Teacher-training students could be paid for the first time under plans for a modular post-graduate certificate in education course floated in the Government’s Green Paper on the teaching profession.
The paper says that undergraduates could integrate PGCE modules into their first degree. Classroom work - paid at the same rate as teaching assistants - would count towards their teaching qualification.
The paper says: “Students could gain experience and recognition by working as paid associates in a school while taking the relevant modules of the teaching course. Such approaches will increasingly break down the barriers between undergraduate and postgraduate training.”
Ministers want students to become “teaching associates”. They would bring new academic thinking into schools and get a taste of teaching that may encourage them to take it up full-time.
The Green Paper has prompted fears that higher education is being further by-passed.
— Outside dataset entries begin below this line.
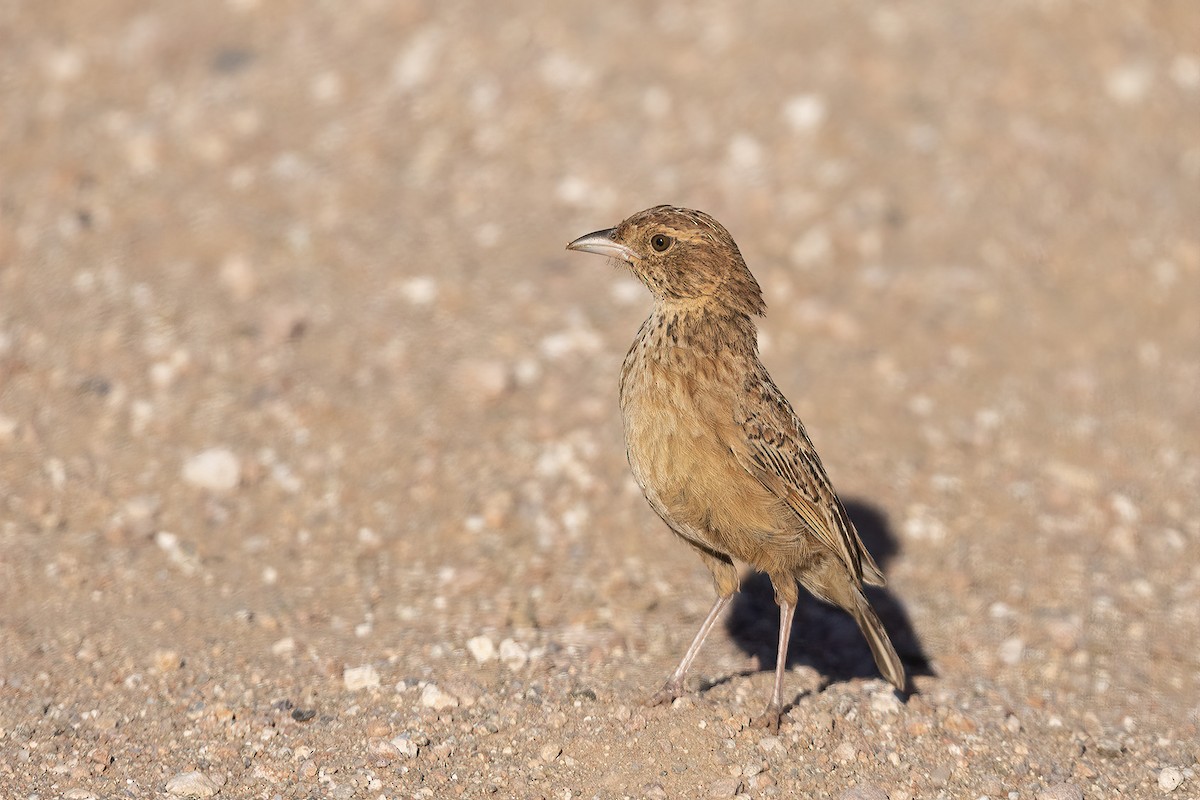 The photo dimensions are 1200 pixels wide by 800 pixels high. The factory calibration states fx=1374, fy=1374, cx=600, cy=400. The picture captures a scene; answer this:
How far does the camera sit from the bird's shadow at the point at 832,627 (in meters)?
6.61

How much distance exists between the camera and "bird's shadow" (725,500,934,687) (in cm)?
661

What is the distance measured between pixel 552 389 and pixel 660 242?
235 cm

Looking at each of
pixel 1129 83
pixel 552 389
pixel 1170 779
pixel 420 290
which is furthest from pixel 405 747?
pixel 1129 83

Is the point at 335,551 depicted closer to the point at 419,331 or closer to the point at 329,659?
the point at 329,659

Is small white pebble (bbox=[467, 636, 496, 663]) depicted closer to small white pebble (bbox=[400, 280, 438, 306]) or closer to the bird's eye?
the bird's eye

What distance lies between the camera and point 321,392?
7.80 metres

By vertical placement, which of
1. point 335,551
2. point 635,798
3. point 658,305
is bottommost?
point 335,551

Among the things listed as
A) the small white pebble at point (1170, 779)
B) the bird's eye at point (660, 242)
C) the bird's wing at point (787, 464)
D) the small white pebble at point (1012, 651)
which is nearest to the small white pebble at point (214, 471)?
the bird's eye at point (660, 242)

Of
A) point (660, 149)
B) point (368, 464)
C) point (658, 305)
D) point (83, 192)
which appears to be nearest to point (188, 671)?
point (368, 464)

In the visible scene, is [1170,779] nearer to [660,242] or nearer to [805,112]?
[660,242]

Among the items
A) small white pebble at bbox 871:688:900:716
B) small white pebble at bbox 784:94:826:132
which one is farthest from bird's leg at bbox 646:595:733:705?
small white pebble at bbox 784:94:826:132

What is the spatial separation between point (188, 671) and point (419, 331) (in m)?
2.94

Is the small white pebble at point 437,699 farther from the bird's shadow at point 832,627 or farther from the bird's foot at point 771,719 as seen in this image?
the bird's shadow at point 832,627

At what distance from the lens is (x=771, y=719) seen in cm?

Professor Mike Newby, chair of the Universities Council for the Education of Teachers, warned of extra costs and said departments could be “massively destabilised”.
He said: “Forces abroad would like to circumvent higher education; we think they are wrong. Where is the evidence that the alternatives would work?” Ministers are clearly still concerned about the quality of new teachers. The Green Paper says the present system does not guarantee they have a “thorough grounding” in basic skills or that individuals merit Qualified Teacher Status.
New teachers will have to pass rigorous literacy, numeracy and information technology tests. Numeracy tests, to be piloted next summer, will be a national requirement from summer 2000; literacy and information technology tests will follow a year later.
External examiners of courses may have to be accredited by the Teacher Training Agency to ensure “QTS standards are sharp and consistent across the country”. UCET argues that means over-regulation.
A network of “training schools” with expanded computer facilities will be set up to support the growing number of school-centred initial teacher training courses.
Changes to employment-based training routes - expanded in October to attract more scientists and mathematicians working in other professions - could see funding go directly to the student, bypassing the universities.
In-service training funds currently channelled through HE will increasingly go to school and university partnerships. The move is inspired by fears that grants are being “top-sliced” by universities to cover central costs instead of going entirely on training.
Much in-service training is criticised as “unsystematic and unfocused”. The paper proposes a new national framework, including a code of practice which would require providers to reflect latest research and inspection evidence and make a direct link between training and pupil performance.
Teachers would face a new contractual duty to keep their skills up to date, with their achievements recorded nationally on the new register of teachers to be kept by the General Teaching Council.